Every object in Clark's demo — barrels, walls, pillars — is built from rectangular div elements. Even seemingly rounded objects like barrels are just collections of narrow rectangles rotated around an axis, like the slats of a wooden barrel. Brute force geometry with HTML. And it works better than it has any right to.
The Camera Trick That Makes It All Performant
[YOUTUBE:T84i4Jp3v3g|Creating 3D Worlds with HTML and CSS]
This is the part that impressed me most as an engineer. In a naive implementation, you'd move the player through the world by updating the position of every single object in the scene. With hundreds of wall segments, floor tiles, and decorative objects, that's a massive number of DOM style recalculations per frame. Your browser would choke.
Clark's approach inverts this entirely: instead of moving the world's objects, you move a single "camera" element. The camera is just a wrapper div that contains the entire scene. When the player moves forward, the camera's transform property gets a new translate3d value. When the player turns, you update the rotateY value. One element changes. The browser's compositor handles the rest.
This is the same principle used in real game engines — the camera moves through a static world, not the other way around. But in the DOM context, it's also a critical performance win. Fewer style recalculations mean fewer layout thrashes, and the browser can batch the entire scene update into a single composite operation.
I've shipped enough frontend features to know that DOM performance is all about minimizing what the browser needs to recalculate. If you've ever dealt with JavaScript bloat killing your web performance, you know how much a single unnecessary reflow can cost. The camera trick sidesteps that entire problem.
Why CSS 3D Transforms Are GPU-Accelerated (And Why That Matters)
The fact that CSS 3D transforms run on the GPU is not a nice-to-have. It's the entire reason this works at all.
When you apply a CSS transform to an element, the browser promotes that element to its own compositing layer. The GPU then handles all the matrix math — rotation, translation, perspective projection — in hardware. This is a completely different path than layout-driven animations, where the CPU has to recalculate element positions, check for reflows, and repaint pixels.
As documented by MDN contributors at Mozilla, the transformations behind rotate3d(), translate3d(), and perspective() are all 4x4 matrix operations. GPUs are purpose-built for exactly this kind of parallel floating-point math. A modern GPU can process thousands of these matrices simultaneously. That's why a scene with hundreds of transformed div elements can still hit 60fps.

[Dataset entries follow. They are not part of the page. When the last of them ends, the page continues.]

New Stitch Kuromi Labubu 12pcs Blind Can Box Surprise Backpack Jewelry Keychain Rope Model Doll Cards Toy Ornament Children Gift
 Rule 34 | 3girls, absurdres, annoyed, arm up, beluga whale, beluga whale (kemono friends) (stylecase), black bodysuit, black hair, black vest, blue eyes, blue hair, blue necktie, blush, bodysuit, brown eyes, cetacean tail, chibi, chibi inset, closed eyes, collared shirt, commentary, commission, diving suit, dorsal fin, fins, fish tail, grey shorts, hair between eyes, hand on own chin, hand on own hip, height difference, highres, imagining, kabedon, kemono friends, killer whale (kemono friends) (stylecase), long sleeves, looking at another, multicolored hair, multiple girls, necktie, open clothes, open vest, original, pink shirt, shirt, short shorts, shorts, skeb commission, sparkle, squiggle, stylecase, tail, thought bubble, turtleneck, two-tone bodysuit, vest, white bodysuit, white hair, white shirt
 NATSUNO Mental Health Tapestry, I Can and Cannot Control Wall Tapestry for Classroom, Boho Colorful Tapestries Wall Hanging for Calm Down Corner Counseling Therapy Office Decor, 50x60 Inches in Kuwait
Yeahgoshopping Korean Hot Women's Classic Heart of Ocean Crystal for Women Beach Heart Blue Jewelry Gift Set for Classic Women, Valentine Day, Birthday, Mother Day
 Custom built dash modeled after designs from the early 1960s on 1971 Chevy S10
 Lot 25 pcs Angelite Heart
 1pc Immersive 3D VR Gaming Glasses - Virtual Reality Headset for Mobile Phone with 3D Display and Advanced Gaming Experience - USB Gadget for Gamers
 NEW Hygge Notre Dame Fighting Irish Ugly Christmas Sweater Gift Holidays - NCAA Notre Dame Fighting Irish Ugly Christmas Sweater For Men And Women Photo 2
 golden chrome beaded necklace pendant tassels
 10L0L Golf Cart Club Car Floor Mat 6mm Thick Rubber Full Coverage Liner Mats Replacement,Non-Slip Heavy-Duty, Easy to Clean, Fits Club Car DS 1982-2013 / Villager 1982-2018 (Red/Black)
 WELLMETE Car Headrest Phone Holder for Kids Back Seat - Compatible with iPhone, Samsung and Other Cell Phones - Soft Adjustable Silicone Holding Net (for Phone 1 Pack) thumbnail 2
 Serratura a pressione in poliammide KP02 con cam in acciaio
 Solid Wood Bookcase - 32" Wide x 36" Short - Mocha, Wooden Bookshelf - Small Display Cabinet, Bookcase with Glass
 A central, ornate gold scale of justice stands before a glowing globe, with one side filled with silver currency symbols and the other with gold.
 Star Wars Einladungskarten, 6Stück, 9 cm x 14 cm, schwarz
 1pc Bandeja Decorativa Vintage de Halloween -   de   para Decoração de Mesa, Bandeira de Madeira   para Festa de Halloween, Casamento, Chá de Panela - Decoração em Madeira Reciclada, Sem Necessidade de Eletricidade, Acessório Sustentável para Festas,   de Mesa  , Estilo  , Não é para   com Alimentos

This is also why CSS 3D transforms feel nothing like animating top and left properties with JavaScript. With transforms, the browser skips layout and paint entirely, going straight to composite. You can feel the difference.
Having worked on projects where we benchmarked bundler performance down to milliseconds, I know how much this GPU acceleration matters. The difference between 16ms and 32ms per frame is the difference between smooth and nauseating in a first-person 3D scene.
The Biggest Limitation: No Z-Buffer, No Problem (Mostly)
Traditional 3D engines use a Z-buffer — a per-pixel depth map that determines which surface is visible when objects overlap. If two walls intersect, the Z-buffer ensures the closer surface is drawn on top, pixel by pixel.
CSS has no Z-buffer. The browser uses its standard stacking context rules to determine element ordering. This means overlapping 3D elements can produce visual glitches — a far wall might suddenly render on top of a near wall if the stacking order isn't carefully managed.
Clark and other CSS 3D experimenters work around this by controlling the DOM order of elements and using z-index strategically. For corridor-based environments like DOOM's, this is actually manageable. The level geometry is mostly convex spaces connected by portals (doorways), so you can sort the rendering order from back to front and get correct results most of the time.
But this is also why you'll never see a full open-world game rendered in CSS. The stacking context approach falls apart with complex overlapping geometry. That's a fundamental architectural constraint, not a bug to be fixed.
What's the Difference Between CSS 3D Transforms and WebGL?
I get this question every time I show people these demos. The short answer: CSS 3D transforms manipulate DOM elements in 3D space using the browser's compositor. WebGL gives you raw access to the GPU's rendering pipeline through the <canvas> element, with programmable vertex and fragment shaders.
WebGL can render arbitrary triangulated meshes, apply custom lighting algorithms, handle transparency with depth sorting, and process millions of polygons per frame. CSS 3D transforms can position, rotate, and scale rectangular HTML elements in 3D space. That's it.
The CSS approach does have one genuine advantage: the elements remain interactive DOM nodes. You can attach event listeners, apply hover states, embed text, and use standard CSS for styling. In a WebGL scene, everything is painted pixels — you'd need to implement your own hit testing. For UI-heavy use cases like 3D product configurators, interactive data visualizations, or architectural walkthroughs, CSS 3D transforms are sometimes the more pragmatic choice.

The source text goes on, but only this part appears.